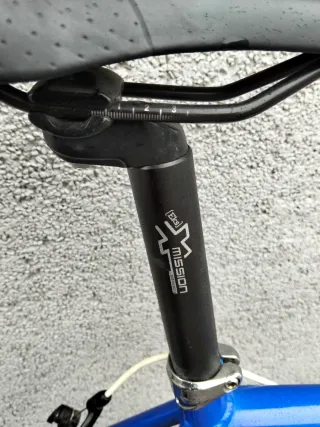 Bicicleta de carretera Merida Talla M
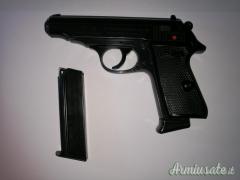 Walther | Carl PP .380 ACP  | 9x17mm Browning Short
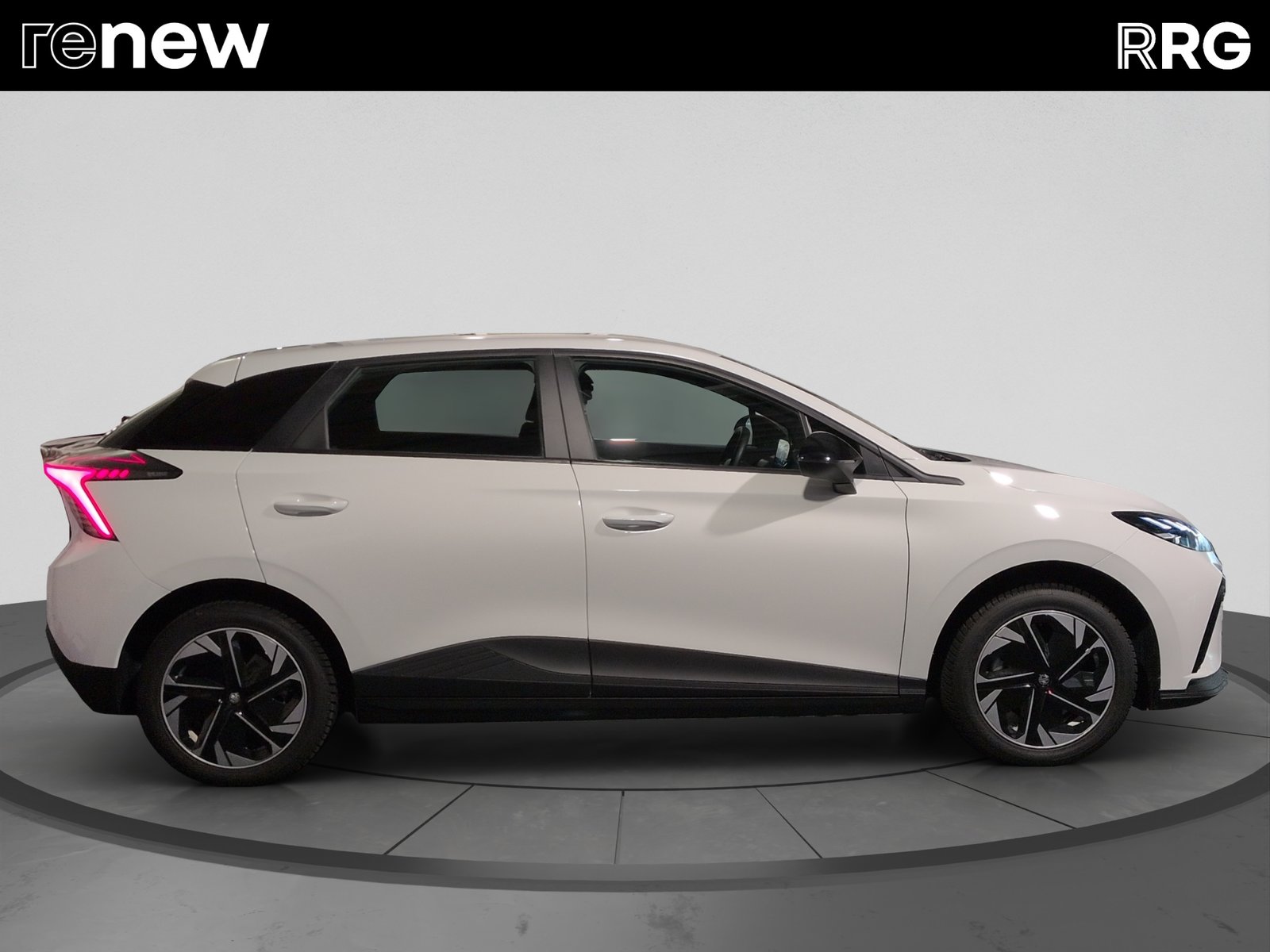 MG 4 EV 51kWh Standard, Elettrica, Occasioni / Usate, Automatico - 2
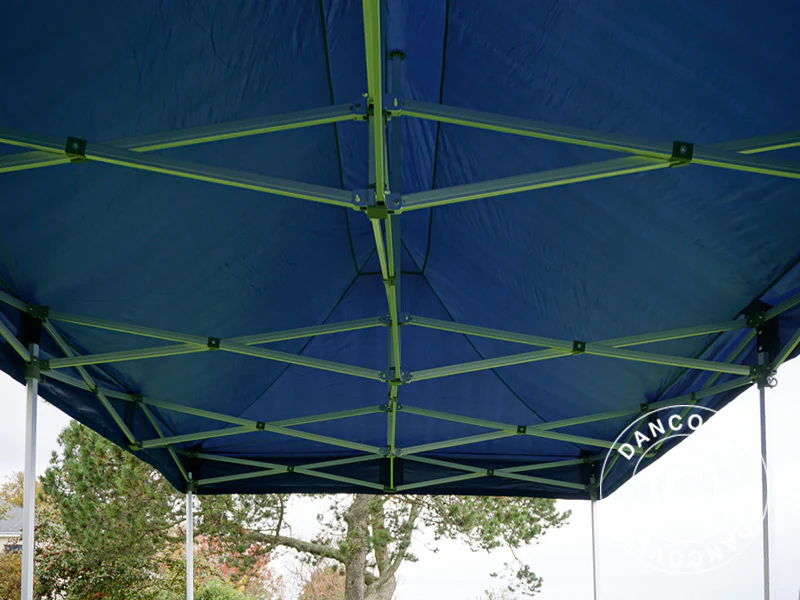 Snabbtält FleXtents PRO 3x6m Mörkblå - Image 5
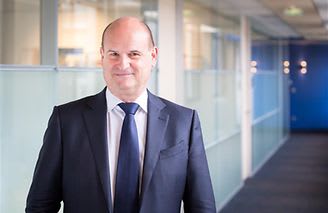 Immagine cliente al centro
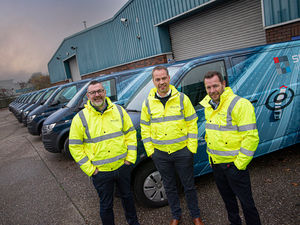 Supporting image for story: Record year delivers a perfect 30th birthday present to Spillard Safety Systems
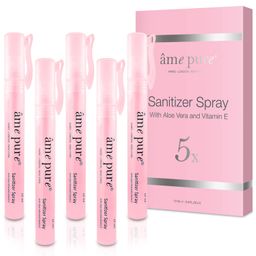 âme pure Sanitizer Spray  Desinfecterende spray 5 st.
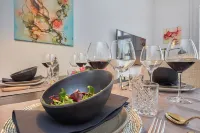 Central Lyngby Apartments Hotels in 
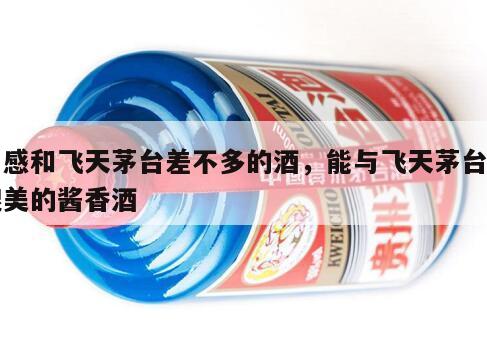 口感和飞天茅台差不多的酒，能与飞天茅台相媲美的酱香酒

...

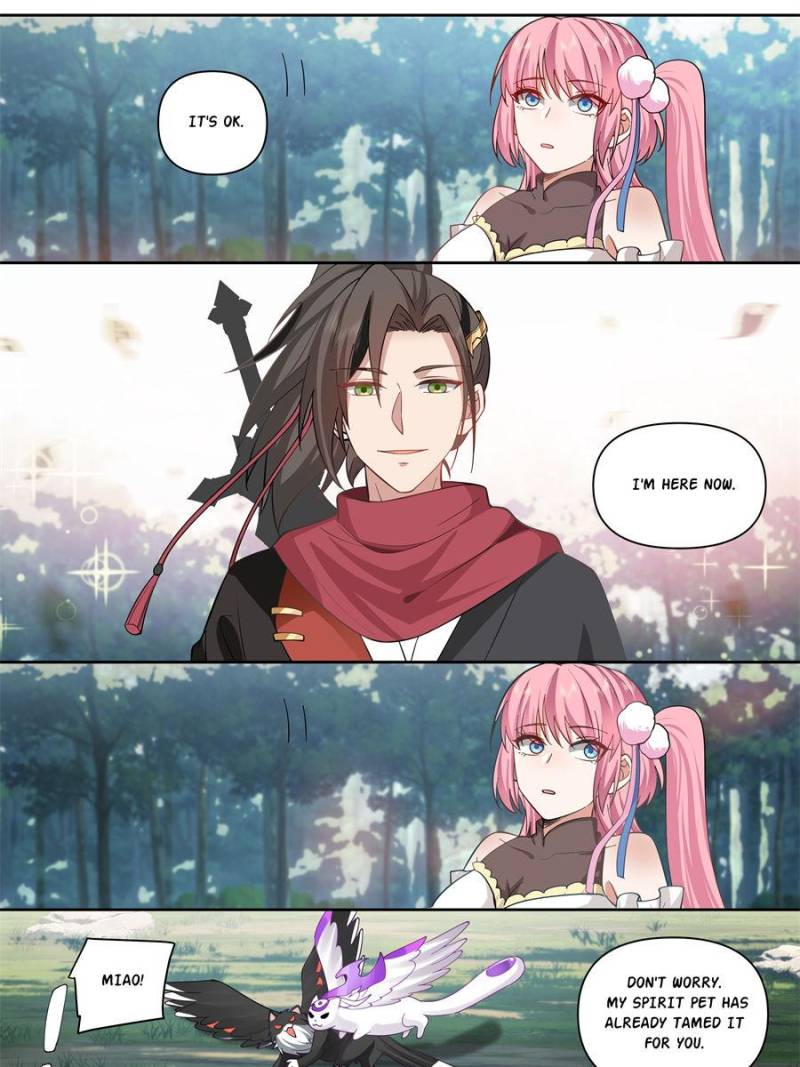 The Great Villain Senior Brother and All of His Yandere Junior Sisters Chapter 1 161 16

---

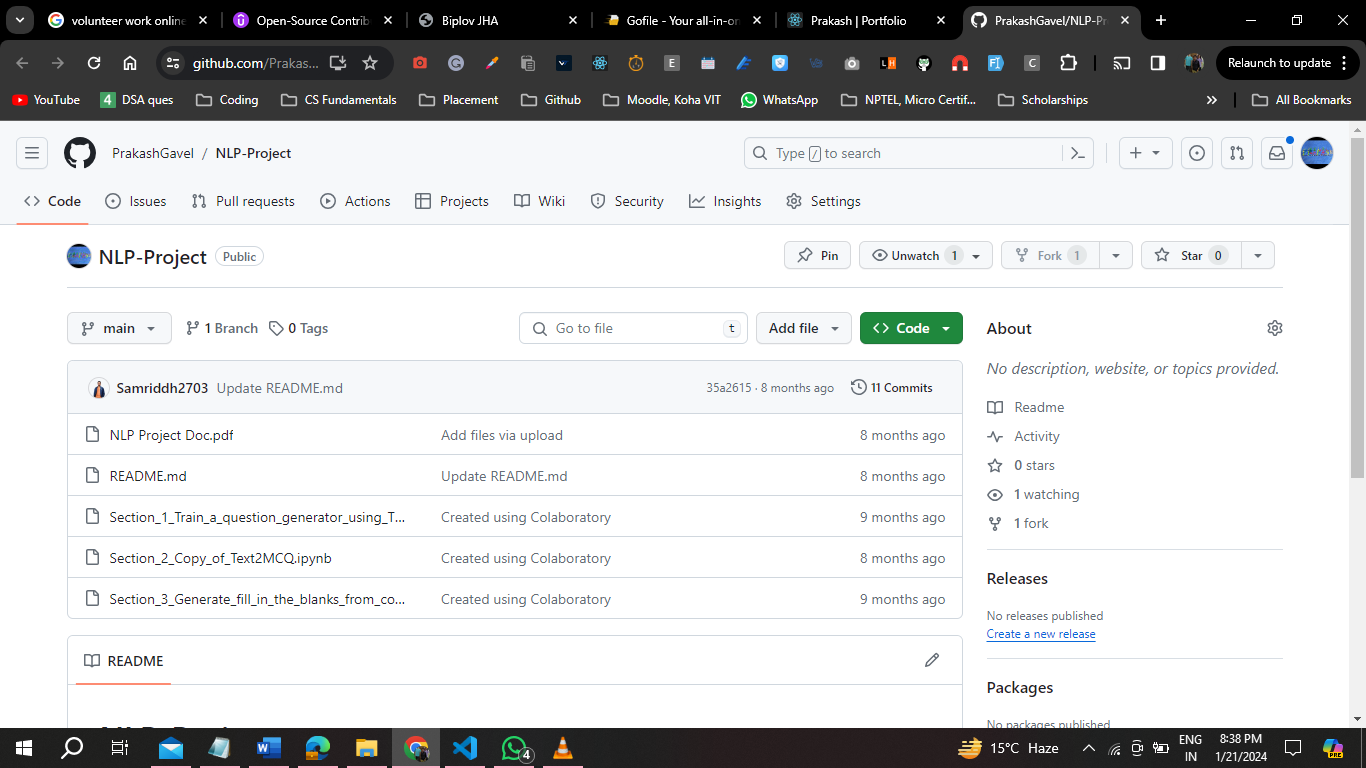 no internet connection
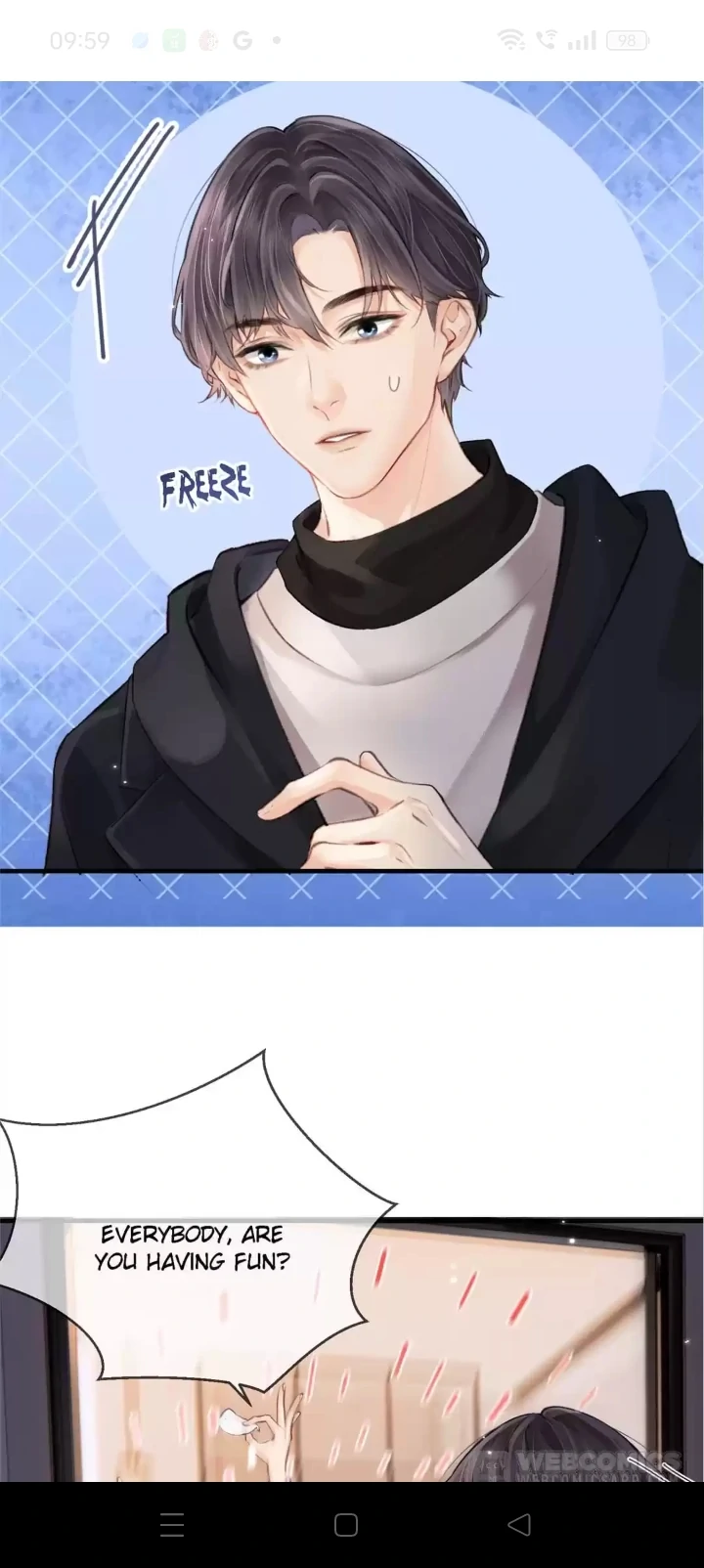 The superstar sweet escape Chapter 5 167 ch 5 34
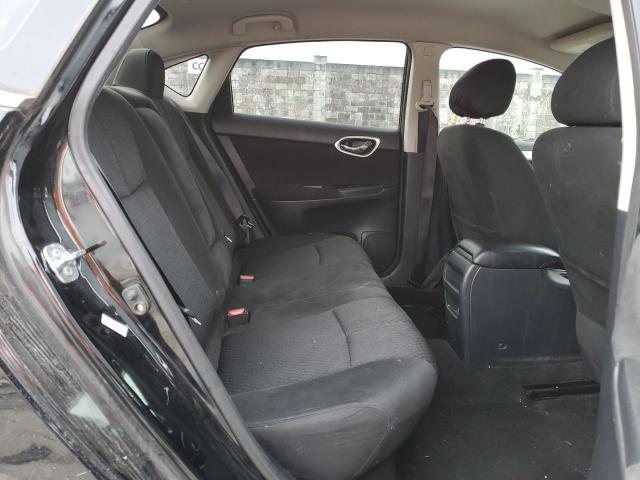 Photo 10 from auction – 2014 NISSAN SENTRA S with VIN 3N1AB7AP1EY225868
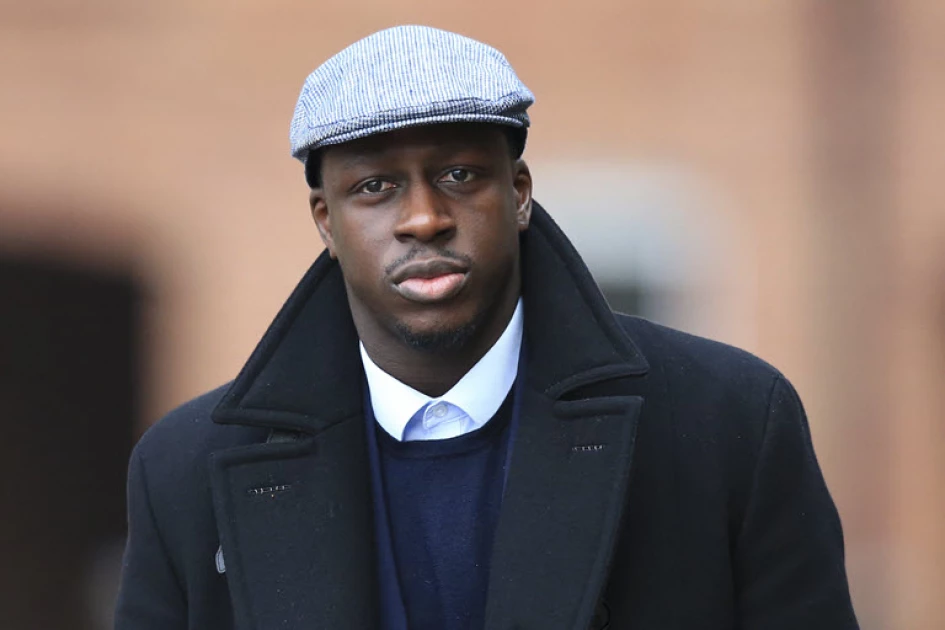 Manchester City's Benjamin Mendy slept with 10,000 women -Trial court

**PROBLEM:**
From the records above, copy exactly the stretch from the line holding "Supporting image for" through the line holding "口感和飞天茅台差不多的酒，能与飞天茅台相媲美的酱香酒", both ends included, without the pictures.

**RESPONSE TO THE EXERCISE:**
 Supporting image for story: Record year delivers a perfect 30th birthday present to Spillard Safety Systems
 âme pure Sanitizer Spray  Desinfecterende spray 5 st.
 Central Lyngby Apartments Hotels in 
 口感和飞天茅台差不多的酒，能与飞天茅台相媲美的酱香酒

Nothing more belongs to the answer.